Zhu Xiaofeng, Zhang Shuanglin, Tang Hua, Cooper Richard
Department of Preventive Medicine and Epidemiology, Loyola University Medical Center, 2160 S. First Ave, Maywood, IL 60153, USA.
Hum Genet. 2006 Oct;120(3):431-45. doi: 10.1007/s00439-006-0224-z. Epub 2006 Aug 5.
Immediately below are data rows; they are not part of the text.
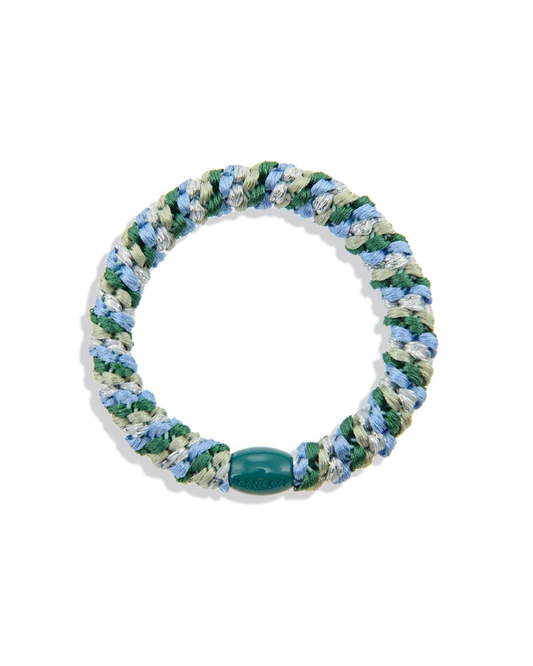 Woven hair tie in mixed green, pale blue, white and silver glitter tones shown in a circular product view with a dark green branded bead.
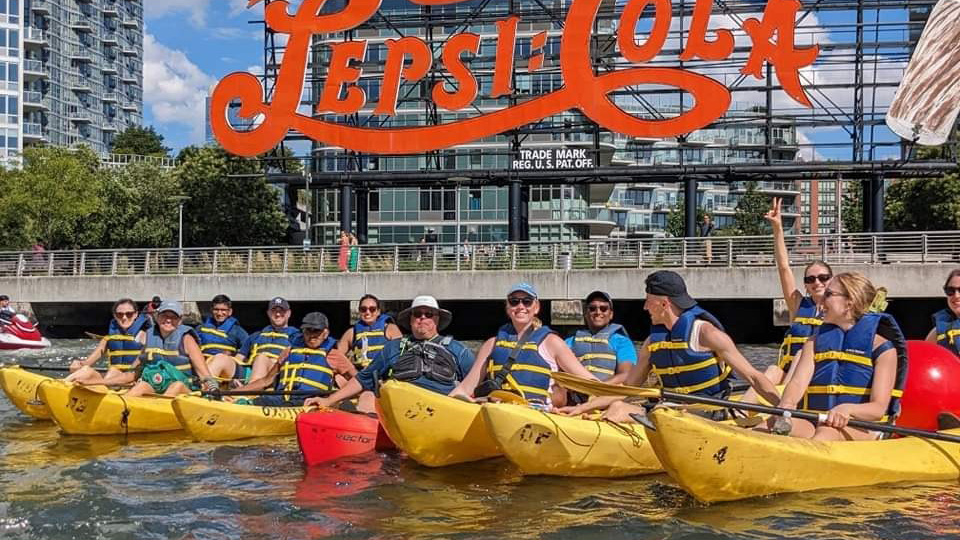 A group of people in yellow kayaks smile in front of a large red Pepsi-Cola sign by the water.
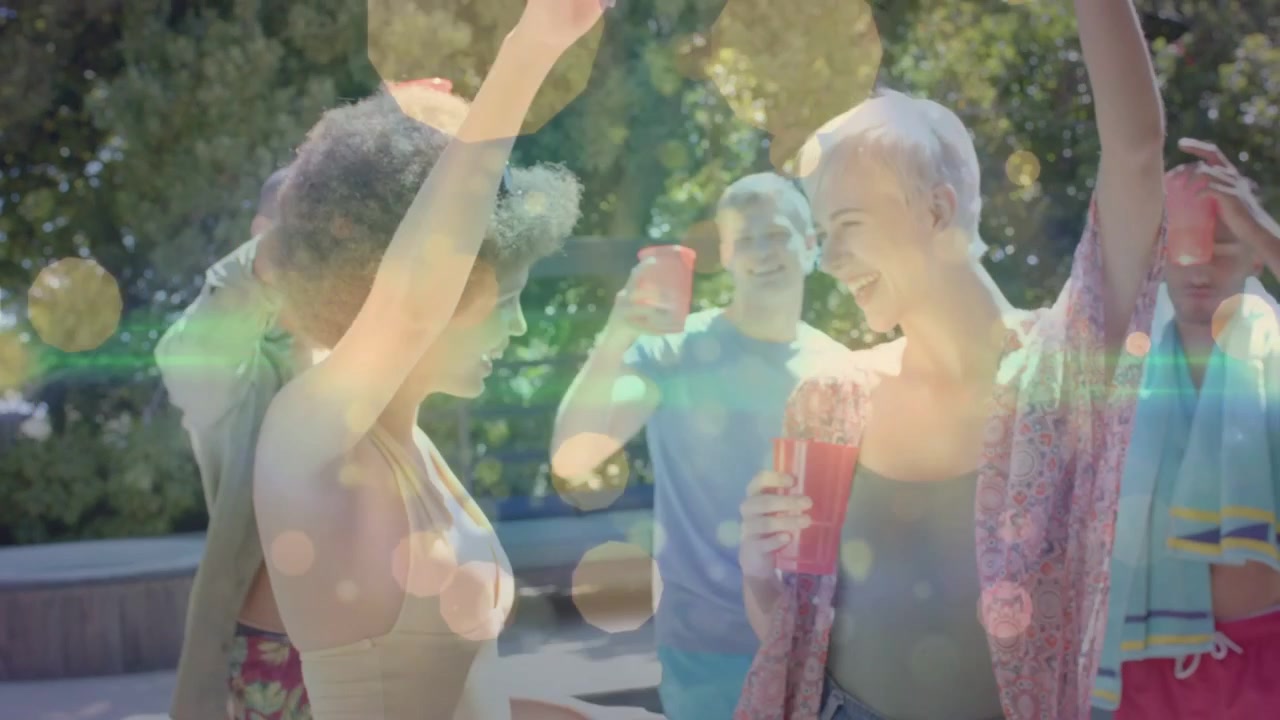 To venner udveksler blikke, danser på pooldækket, mens en gruppe skåler, bokeh over røde kopper til en begivenhed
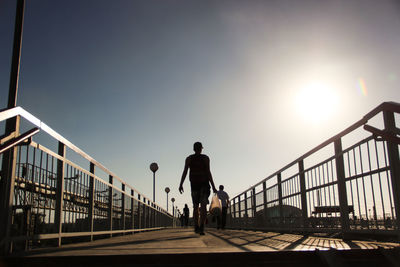 Man on bridge against sky during sunset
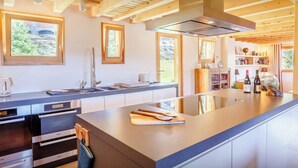 A modern kitchen with wooden beams, a large island, and a view of greenery outside. - Chalet Joux Verte - beautiful ski base for 8 with spa - OVO Network (Les Gets)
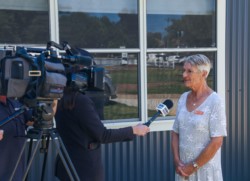 Volunteer Birgit Smith interviewed by WIN News at the opening of CUC Mudgee Region, 27 March 2024.
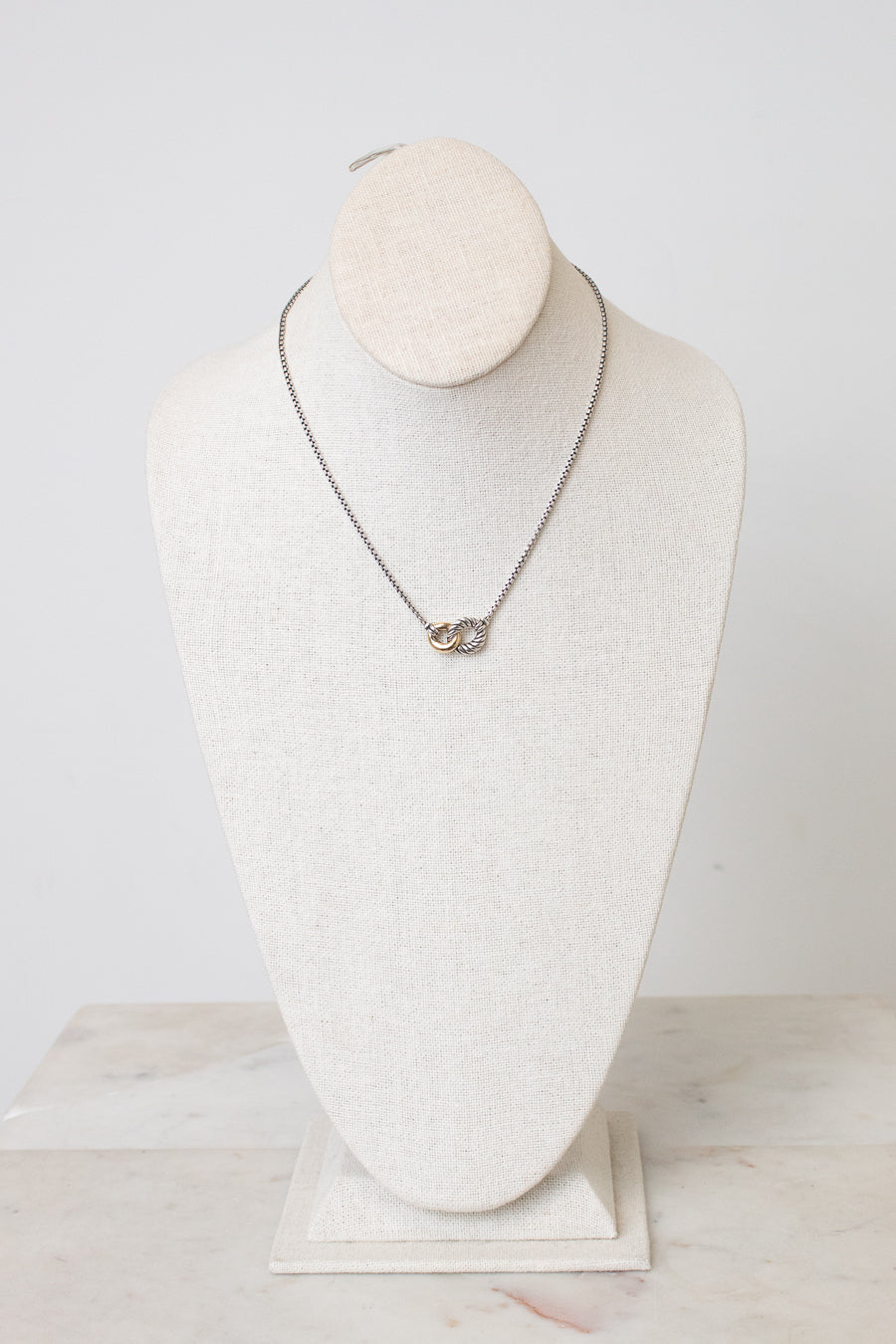 A silver chain necklace with a small interlocked rings pendant displayed on a cream-colored fabric jewelry bust against a light gray background.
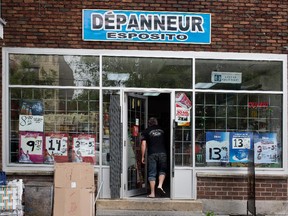A client enters Depanneur Esposito in Montreal on Wednesday September 9, 2015. The depanneur was robbed last year by a teenager who had been radicalized and is now being tried on terror related charges.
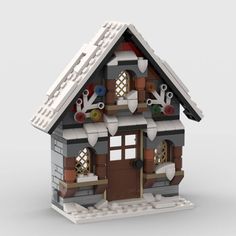 a lego house with lots of decorations on the roof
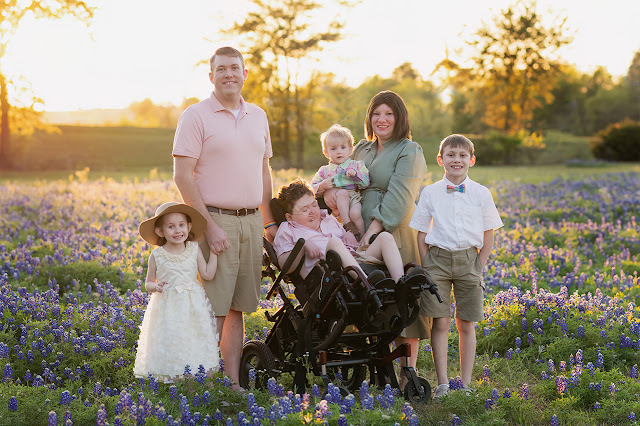 Bluebonnet field family portrait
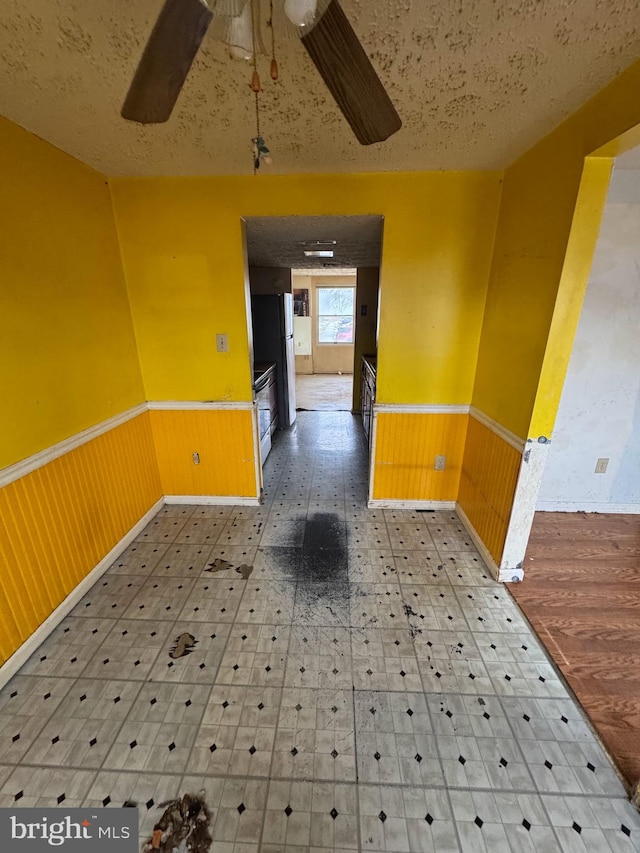 spare room with a textured ceiling, wooden walls, and ceiling fan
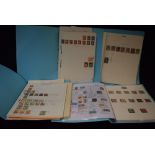 ** stamp / stamps - four blue paper folders with interesting items including older from Austria,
Several disease-mapping methods have been proposed recently, which use the information generated by recent admixture of populations from historically distinct geographic origins. These methods include both classic likelihood and Bayesian approaches. In this study we directly maximize the likelihood function from the hidden Markov Model for admixture mapping using the EM algorithm, allowing for uncertainty in model parameters, such as the allele frequencies in the parental populations. We determined the robustness of the proposed method by examining the ancestral allele frequency estimate and individual marker-location specific ancestry when the data were generated by different population admixture models and no learning sample was used. The proposed method outperforms a widely used Bayesian MCMC strategy for data generated from various population admixture models. The multipoint information content for ancestry was derived based on the map provided by Smith et al. (2004) and the associated statistical power was calculated. We examined the distribution of admixture LD across the genome for both real and simulated data and established a threshold for genome wide significance applicable to admixture mapping studies. The software ADMIXPROGRAM for performing admixture mapping is available from authors.
最近提出了几种疾病定位方法,这些方法利用了来自历史上不同地理起源的人群近期混合所产生的信息。这些方法包括经典似然法和贝叶斯方法。在本研究中,我们使用期望最大化(EM)算法直接最大化用于混合定位的隐马尔可夫模型的似然函数,同时考虑模型参数的不确定性,例如亲代群体中的等位基因频率。当数据由不同的群体混合模型生成且未使用学习样本时,我们通过检查祖先等位基因频率估计和个体标记位置特异性祖先来确定所提出方法的稳健性。对于由各种群体混合模型生成的数据,所提出的方法优于广泛使用的贝叶斯马尔可夫链蒙特卡罗(MCMC)策略。基于Smith等人(2004年)提供的图谱推导了祖先多点信息含量,并计算了相关的统计功效。我们检查了真实数据和模拟数据在全基因组范围内混合连锁不平衡(LD)的分布,并建立了适用于混合定位研究的全基因组显著性阈值。执行混合定位的软件ADMIXPROGRAM可从作者处获得。